Semantic Search API

A powerful semantic search engine built with FastAPI and VictorDB, featuring multilingual support and vector-based document retrieval.

Overview

This semantic search system allows you to:

Ingest documents with metadata and automatically chunk them for optimal retrieval
Perform semantic searches using natural language queries across multiple languages
Retrieve similar documents based on meaning rather than just keyword matching
Manage documents with full CRUD operations via REST API

The system uses state-of-the-art sentence transformers for embedding generation and VictorDB for efficient vector storage and retrieval.

Features

🔍 Semantic Search: Advanced similarity search using sentence transformers
🌍 Multilingual Support: Built-in support for multiple languages
📄 Document Management: Full CRUD operations for documents
🚀 High Performance: Optimized chunking and vector indexing
🔧 RESTful API: Complete FastAPI-based REST interface
⚙️ Configurable: Environment-based configuration system
🐳 Production Ready: Built for scalability and reliability

Architecture

┌─────────────────┐    ┌──────────────────┐    ┌─────────────────┐
│   FastAPI       │    │ Sentence         │    │   VictorDB      │
│   REST API      │───▶│ Transformers     │───▶│   Vector Store  │
│                 │    │ (Embeddings)     │    │                 │
└─────────────────┘    └──────────────────┘    └─────────────────┘
         │                       │                       │
         ▼                       ▼                       ▼
┌─────────────────┐    ┌──────────────────┐    ┌─────────────────┐
│   Document      │    │   Text           │    │   Vector        │
│   Storage       │    │   Chunking       │    │   Indexing      │
│                 │    │                  │    │                 │
└─────────────────┘    └──────────────────┘    └─────────────────┘

Requirements

Python: 3.9+
VictorDB: Running instance with table and index services
System Memory: Minimum 2GB RAM (4GB+ recommended)
Storage: Depends on document volume

Installation

1. Clone the Repository

git clone https://github.com/emilianobilli/SemanticSearch
cd SemanticSearch

2. Create Virtual Environment

python3 -m venv env
source env/bin/activate  # On macOS/Linux
# or
env\Scripts\activate     # On Windows

3. Install Dependencies

pip install -r requirements-api.txt

4. Set Up VictorDB

You need to have VictorDB running with both table and index services.

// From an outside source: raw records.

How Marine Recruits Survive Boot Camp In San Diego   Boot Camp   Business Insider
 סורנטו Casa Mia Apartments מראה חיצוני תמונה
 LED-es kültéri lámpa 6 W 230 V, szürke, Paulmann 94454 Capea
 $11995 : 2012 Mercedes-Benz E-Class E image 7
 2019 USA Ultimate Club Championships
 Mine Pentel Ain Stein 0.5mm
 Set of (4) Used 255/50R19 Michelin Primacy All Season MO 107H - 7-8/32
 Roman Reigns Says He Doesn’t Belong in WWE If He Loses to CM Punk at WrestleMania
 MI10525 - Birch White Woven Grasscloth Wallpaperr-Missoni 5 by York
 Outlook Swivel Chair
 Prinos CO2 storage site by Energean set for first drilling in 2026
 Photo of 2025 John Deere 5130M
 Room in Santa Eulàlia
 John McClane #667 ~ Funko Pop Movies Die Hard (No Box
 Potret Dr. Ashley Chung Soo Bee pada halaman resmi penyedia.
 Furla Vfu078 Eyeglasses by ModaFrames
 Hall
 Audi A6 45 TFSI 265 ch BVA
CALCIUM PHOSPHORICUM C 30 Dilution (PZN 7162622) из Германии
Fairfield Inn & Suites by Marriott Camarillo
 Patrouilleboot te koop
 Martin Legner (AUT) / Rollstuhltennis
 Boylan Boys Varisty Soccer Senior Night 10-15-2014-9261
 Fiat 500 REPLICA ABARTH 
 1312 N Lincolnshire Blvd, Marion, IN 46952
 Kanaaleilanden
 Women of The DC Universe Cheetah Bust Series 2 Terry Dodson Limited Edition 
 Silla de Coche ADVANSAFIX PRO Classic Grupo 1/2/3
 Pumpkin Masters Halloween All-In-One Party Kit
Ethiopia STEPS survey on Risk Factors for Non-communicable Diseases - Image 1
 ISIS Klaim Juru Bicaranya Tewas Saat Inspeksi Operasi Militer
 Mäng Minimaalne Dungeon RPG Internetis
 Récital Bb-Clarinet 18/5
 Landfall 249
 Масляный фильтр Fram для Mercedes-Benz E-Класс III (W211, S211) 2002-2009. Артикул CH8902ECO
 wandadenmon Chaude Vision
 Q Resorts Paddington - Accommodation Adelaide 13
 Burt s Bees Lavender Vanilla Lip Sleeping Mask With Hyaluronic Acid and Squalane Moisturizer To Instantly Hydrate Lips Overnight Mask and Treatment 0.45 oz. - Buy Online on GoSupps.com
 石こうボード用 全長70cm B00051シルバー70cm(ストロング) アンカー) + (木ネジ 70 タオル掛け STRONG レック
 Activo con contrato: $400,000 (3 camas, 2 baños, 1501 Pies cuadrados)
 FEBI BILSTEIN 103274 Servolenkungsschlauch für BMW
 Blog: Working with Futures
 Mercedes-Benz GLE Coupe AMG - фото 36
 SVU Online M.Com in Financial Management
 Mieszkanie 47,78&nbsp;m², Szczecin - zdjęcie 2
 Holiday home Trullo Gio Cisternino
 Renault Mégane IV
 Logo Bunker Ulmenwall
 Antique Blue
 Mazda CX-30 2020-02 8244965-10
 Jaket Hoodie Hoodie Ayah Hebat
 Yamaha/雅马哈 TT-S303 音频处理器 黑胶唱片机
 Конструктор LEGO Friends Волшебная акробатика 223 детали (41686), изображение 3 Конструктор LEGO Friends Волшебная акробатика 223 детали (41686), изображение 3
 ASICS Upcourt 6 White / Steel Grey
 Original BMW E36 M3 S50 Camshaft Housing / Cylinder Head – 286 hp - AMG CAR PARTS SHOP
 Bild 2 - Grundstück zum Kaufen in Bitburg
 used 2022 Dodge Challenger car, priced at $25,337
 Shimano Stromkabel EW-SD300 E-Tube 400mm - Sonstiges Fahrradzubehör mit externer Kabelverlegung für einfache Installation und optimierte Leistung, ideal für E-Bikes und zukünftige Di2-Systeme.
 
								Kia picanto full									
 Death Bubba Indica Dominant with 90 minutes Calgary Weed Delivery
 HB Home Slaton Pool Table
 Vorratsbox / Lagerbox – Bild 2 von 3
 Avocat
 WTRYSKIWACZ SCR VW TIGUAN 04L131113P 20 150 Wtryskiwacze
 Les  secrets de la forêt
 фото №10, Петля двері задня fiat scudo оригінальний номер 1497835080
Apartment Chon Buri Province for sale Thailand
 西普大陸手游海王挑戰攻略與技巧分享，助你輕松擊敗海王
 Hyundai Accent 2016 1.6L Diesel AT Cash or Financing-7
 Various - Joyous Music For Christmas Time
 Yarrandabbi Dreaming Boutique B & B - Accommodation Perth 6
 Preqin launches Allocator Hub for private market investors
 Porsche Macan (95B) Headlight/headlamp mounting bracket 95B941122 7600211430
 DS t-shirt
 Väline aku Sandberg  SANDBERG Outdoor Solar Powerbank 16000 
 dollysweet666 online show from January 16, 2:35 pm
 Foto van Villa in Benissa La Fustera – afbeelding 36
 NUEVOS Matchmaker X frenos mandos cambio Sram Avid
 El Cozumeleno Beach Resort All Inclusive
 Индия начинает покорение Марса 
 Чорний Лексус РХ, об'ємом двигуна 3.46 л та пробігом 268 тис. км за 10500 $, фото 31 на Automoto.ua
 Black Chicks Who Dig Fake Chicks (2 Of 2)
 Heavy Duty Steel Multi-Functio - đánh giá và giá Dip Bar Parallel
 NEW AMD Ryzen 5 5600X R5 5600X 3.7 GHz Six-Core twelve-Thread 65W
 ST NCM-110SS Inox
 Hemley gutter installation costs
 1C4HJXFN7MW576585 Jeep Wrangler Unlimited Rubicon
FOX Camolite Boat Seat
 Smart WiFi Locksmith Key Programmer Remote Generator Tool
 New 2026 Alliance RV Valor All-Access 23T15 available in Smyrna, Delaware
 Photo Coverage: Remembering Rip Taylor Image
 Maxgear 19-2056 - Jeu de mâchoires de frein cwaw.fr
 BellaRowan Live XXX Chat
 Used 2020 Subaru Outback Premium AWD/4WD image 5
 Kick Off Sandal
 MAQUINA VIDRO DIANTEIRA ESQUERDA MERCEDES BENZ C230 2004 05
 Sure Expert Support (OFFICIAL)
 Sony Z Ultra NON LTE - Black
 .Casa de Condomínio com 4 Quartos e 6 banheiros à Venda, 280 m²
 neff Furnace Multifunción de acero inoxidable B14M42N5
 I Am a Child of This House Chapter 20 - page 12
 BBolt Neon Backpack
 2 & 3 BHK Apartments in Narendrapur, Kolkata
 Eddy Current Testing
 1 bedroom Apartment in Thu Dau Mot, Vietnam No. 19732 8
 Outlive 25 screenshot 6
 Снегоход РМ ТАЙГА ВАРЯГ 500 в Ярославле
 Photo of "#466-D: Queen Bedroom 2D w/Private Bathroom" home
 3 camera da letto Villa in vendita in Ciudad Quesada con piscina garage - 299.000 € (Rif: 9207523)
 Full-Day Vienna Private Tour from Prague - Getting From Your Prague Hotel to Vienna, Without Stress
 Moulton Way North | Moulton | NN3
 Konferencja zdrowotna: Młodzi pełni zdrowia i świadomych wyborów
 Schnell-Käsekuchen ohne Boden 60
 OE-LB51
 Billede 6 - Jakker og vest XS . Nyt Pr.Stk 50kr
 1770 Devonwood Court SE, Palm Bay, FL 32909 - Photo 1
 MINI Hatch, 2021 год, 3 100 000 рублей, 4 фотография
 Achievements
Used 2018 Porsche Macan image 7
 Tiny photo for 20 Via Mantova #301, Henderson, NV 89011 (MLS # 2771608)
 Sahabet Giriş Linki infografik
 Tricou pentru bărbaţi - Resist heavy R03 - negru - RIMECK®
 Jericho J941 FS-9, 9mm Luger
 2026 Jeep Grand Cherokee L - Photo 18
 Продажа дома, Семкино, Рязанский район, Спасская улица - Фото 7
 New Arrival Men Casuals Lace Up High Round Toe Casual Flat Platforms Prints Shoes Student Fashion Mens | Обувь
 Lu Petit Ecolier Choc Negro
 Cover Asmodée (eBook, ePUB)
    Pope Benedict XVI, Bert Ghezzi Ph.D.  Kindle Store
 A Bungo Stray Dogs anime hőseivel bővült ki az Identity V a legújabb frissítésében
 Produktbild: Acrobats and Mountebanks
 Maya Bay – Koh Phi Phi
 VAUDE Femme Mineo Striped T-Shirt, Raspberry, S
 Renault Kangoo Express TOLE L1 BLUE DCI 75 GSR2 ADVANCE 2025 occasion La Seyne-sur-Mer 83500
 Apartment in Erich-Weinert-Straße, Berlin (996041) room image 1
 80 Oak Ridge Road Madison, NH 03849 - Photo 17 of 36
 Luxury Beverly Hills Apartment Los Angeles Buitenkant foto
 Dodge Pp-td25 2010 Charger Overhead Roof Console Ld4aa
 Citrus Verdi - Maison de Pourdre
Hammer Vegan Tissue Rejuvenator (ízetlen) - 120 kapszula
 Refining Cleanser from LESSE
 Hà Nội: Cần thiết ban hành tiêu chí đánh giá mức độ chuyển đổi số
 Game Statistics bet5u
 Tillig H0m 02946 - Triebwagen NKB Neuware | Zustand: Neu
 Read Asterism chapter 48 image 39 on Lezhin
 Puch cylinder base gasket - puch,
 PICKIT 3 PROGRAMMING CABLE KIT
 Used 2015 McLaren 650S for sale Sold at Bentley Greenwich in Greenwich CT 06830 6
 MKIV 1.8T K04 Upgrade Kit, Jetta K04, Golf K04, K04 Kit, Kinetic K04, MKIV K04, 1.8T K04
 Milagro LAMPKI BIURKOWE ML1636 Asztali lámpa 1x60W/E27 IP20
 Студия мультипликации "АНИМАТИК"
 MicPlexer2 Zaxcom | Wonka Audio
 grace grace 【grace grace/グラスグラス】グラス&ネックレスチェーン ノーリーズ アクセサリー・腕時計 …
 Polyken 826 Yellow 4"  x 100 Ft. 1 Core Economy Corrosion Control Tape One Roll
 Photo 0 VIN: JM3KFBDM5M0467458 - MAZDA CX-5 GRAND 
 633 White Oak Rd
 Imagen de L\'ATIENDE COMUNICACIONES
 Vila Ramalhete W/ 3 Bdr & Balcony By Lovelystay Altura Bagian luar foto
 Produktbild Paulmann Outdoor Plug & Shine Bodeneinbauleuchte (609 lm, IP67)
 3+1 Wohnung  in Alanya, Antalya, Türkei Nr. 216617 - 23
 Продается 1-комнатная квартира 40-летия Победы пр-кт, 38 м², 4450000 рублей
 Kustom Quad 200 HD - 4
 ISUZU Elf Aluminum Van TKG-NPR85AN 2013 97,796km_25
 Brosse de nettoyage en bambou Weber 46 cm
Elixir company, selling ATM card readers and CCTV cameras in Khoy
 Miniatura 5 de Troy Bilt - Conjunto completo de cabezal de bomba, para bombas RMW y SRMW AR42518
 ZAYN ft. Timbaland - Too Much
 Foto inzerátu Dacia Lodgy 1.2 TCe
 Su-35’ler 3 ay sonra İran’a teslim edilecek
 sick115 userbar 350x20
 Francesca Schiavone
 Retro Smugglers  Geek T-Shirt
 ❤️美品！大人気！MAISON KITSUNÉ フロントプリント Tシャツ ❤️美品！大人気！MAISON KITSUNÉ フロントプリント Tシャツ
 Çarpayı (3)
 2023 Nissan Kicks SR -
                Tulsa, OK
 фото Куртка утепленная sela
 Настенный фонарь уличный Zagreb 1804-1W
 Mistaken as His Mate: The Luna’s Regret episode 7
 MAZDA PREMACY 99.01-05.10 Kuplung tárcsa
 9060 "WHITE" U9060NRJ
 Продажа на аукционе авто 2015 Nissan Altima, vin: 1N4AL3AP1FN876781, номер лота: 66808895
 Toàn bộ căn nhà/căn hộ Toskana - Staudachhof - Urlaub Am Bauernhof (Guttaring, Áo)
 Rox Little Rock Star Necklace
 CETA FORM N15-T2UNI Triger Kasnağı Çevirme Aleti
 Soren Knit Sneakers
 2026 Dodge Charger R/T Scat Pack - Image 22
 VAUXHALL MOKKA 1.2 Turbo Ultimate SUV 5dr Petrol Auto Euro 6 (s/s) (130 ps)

Please refer to the VictorDB documentation for installation and setup instructions.

Typical VictorDB setup:

# Start table service
victord table --socket /var/lib/victord/semantic_table/socket.unix

# Start index service  
victord index --socket /var/lib/victord/semantic_index/socket.unix

5. Configure Environment

Copy the example environment file and adjust the settings:

cp .env.example .env  # If you have an example file
# or create .env manually

Edit .env with your configuration:

# VictorDB Configuration
SEMANTIC_VICTOR_TABLE_SOCKET=/var/lib/victord/semantic_table/socket.unix
SEMANTIC_VICTOR_INDEX_SOCKET=/var/lib/victord/semantic_index/socket.unix

# API Configuration
SEMANTIC_API_HOST=0.0.0.0
SEMANTIC_API_PORT=8000
SEMANTIC_API_RELOAD=true
SEMANTIC_API_LOG_LEVEL=info

# CORS Configuration
SEMANTIC_CORS_ORIGINS=*

# Search Configuration
SEMANTIC_MAX_SEARCH_RESULTS=50
SEMANTIC_DEFAULT_SEARCH_RESULTS=10

Usage

Starting the API Server

python api.py

The API will be available at http://localhost:8000 with interactive documentation at http://localhost:8000/docs.

API Endpoints

Health Check

GET /health

Ingest Single Document

POST /document
Content-Type: application/json

{
  "title": "Document Title",
  "author": "Author Name",
  "source": "https://example.com/article",
  "published_at": "2024-01-01",
  "raw_text": "Document content here...",
  "metadata": ["tag1", "tag2"]
}

Ingest Multiple Documents

POST /documents
Content-Type: application/json

[
  {
    "title": "Document 1",
    "raw_text": "Content 1...",
    ...
  },
  {
    "title": "Document 2", 
    "raw_text": "Content 2...",
    ...
  }
]

Search Documents

GET /search?q=your search query&top=10

Get Specific Document

GET /documents/{document_id}

Delete Document

DELETE /documents/{document_id}

Python SDK Usage

from search import SemanticSearch
from model import Document
from victordb import VictorTableClient, VictorIndexClient, VictorSession

# Initialize connections
table = VictorTableClient()
table.connect(unix_path="/path/to/table/socket.unix")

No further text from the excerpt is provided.